Avoir une bonne vingtaine d'années à sa sortie et continuer ainsi à le plébisciter est un signe - mais outre sa puissance d'évocation, sa force, sa robe sulfureuse, sa narration et sa construction en font l'un des plus grands albums conceptuels de l'histoire du rock.
Eh oui.
Et de Marilyn Manson, une fois débarrassé de tout son Barnum, des frasques et de la publicité, un immense artiste. Avec de multiples parenthèses et bémols selon les époques. Parce que son dernier grand disque remonte quand même à près de quinze ans en arrière avec "Holy Wood", ou cette réponse pleine de meurtrissures, de violence et de ressentiments à une Amérique qui le pointe comme coupable de la tuerie de Columbine. Depuis, le Reverend s'est complètement cassé la gueule. A son apogée artistique correspond l'incroyable révélation aux yeux du monde entier d'un homme ambitieux et en recherche de sensations : sexe, drogues, expérimentations aussi décadentes qu'inqualifiables, mais aussi succès. Non seulement celui qui chantait en 1994 "I wanna grow up, wanna beeeee, a fuckin' rock'n'roll staaaaaaar" dans "Lunch Box" est non seulement parvenu à ses fins, mais il est au-delà même de ce fantasme devenu un people. Une star tout court, vaniteuse, parvenue et paresseuse.
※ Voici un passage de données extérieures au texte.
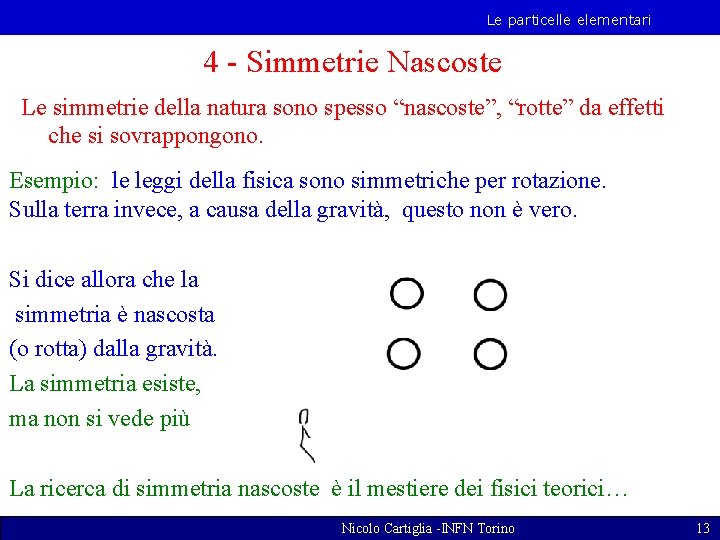 Le particelle elementari 4 - Simmetrie Nascoste Le simmetrie della natura sono spesso “nascoste”,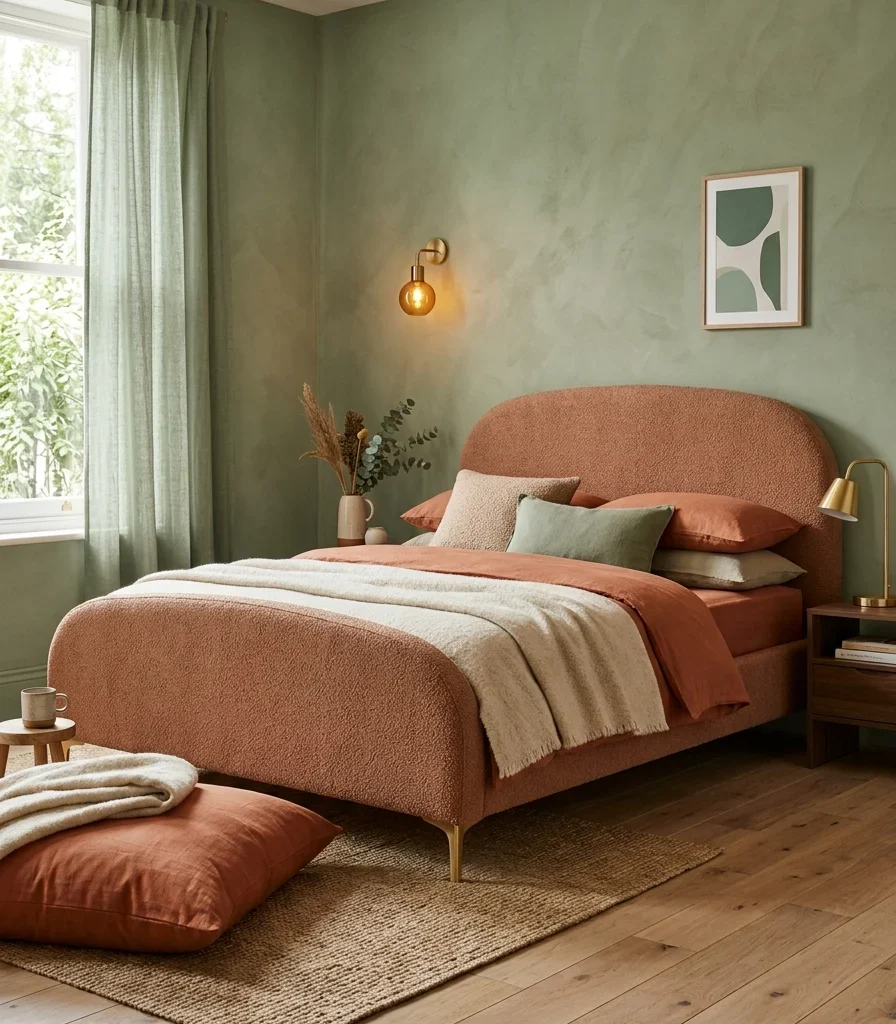 5. Curved Upholstered Bed in Clay-Toned Bouclé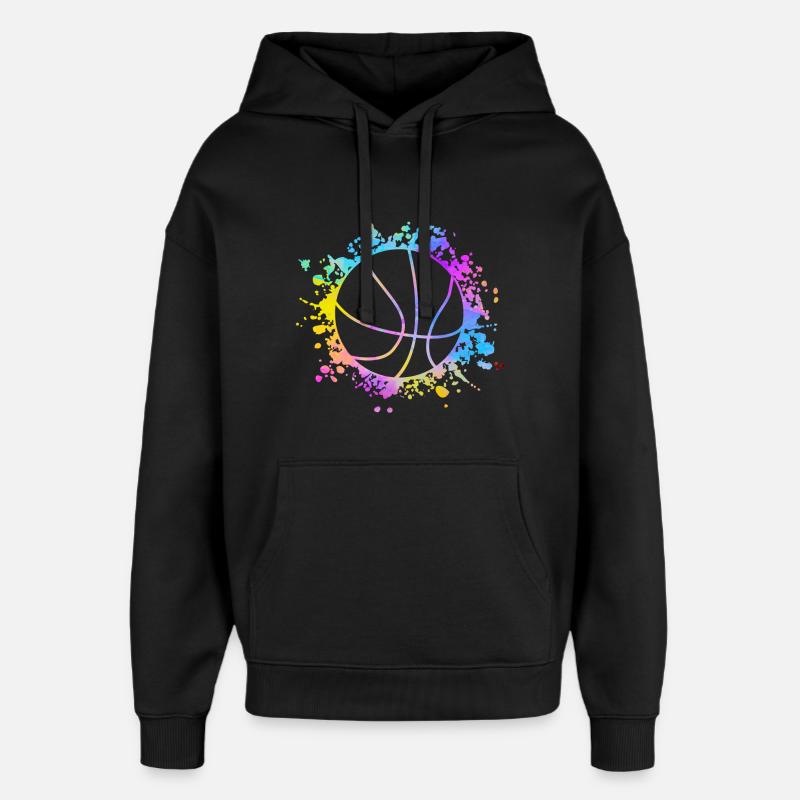 Basketball Farbspritzer Farbklecks - Oversized Unisex Hoodie von Stanley/Stella - Schwarz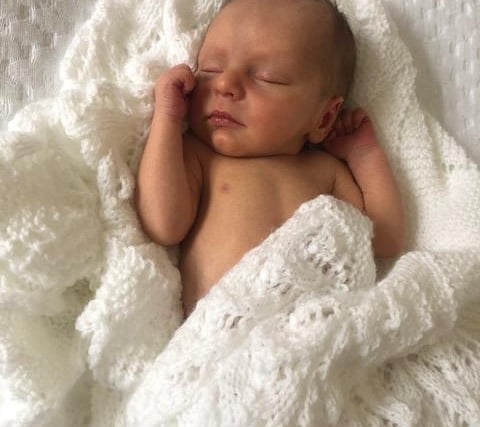 Baby Ellis was born on March 22, a first child for mum Karen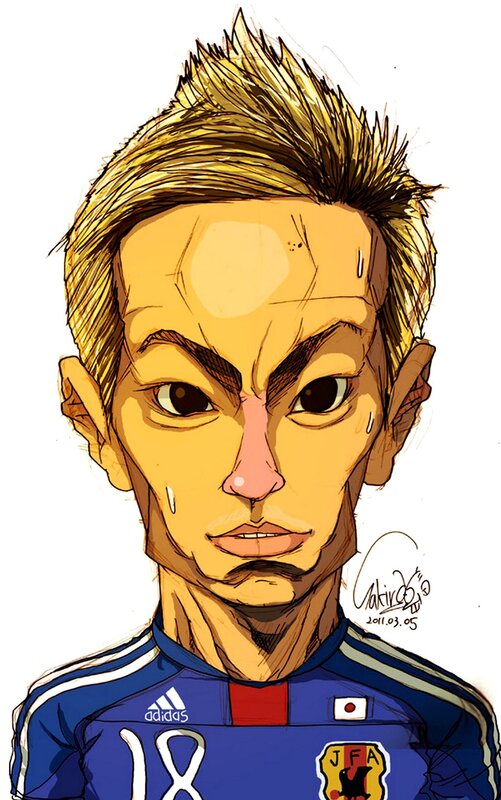 caricature of soccer player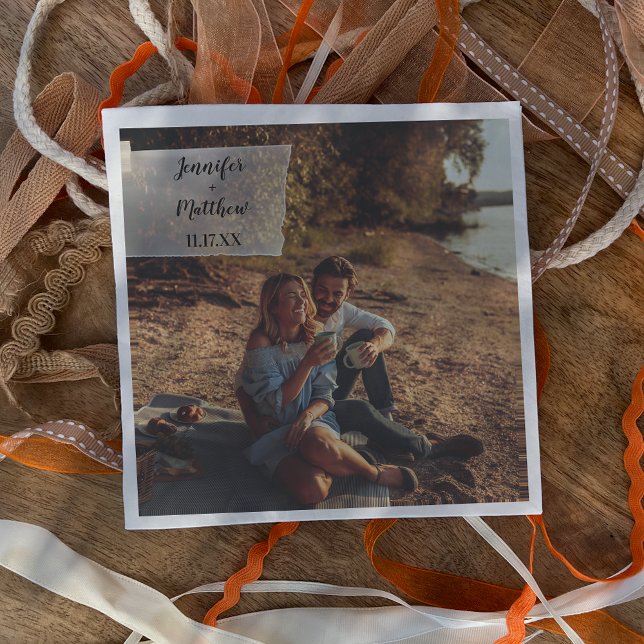 Faux Vellum Photo Overlay Custom Wedding Napkins (Creator Uploaded)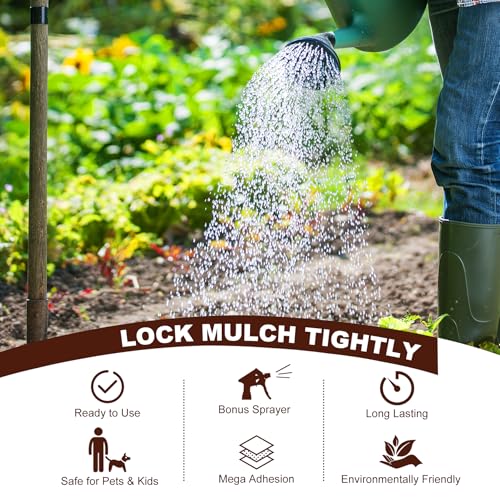 Mulch Glue - 1 Gallon Concentrate Gravel Glue with Applicator for Landscaping W367416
Et qui, abreuvé de ces mêmes sexes, drogues et expériences sans la moindre limite, l'ont rendu si affreusement assoupi et inoffensif. Celui qui s'ouvrait nerveusement le torse à coups de tessons de verre en se torchant avec des pages de la Bible ou en suçant son guitariste en plein délire cocainé s'est complètement repu de tous ses délires, ne pouvant ni aller plus loin, ni choquer davantage, et s'est reposé sur ses lauriers comme des dizaines d'autres avant lui. Et en atteignant tout autant ses propres limites d'expression artistique. "Antichrist Superstar" : immense chef d'oeuvre. "Mechanical Animal" : excellent postulat glam metal indus d'un apprenti Bowie voulant dépasser le maître. Et enfin "Holy Wood", ou l'accession au trône sous forme de potence ou de Golgotha, dernier hurlement d'un martyr couronné auquel on crache impunément à la gueule - qui, en tant que martyr, on s'en est assuré, s'est à ce moment-là déjà tapé des wagons de vierges.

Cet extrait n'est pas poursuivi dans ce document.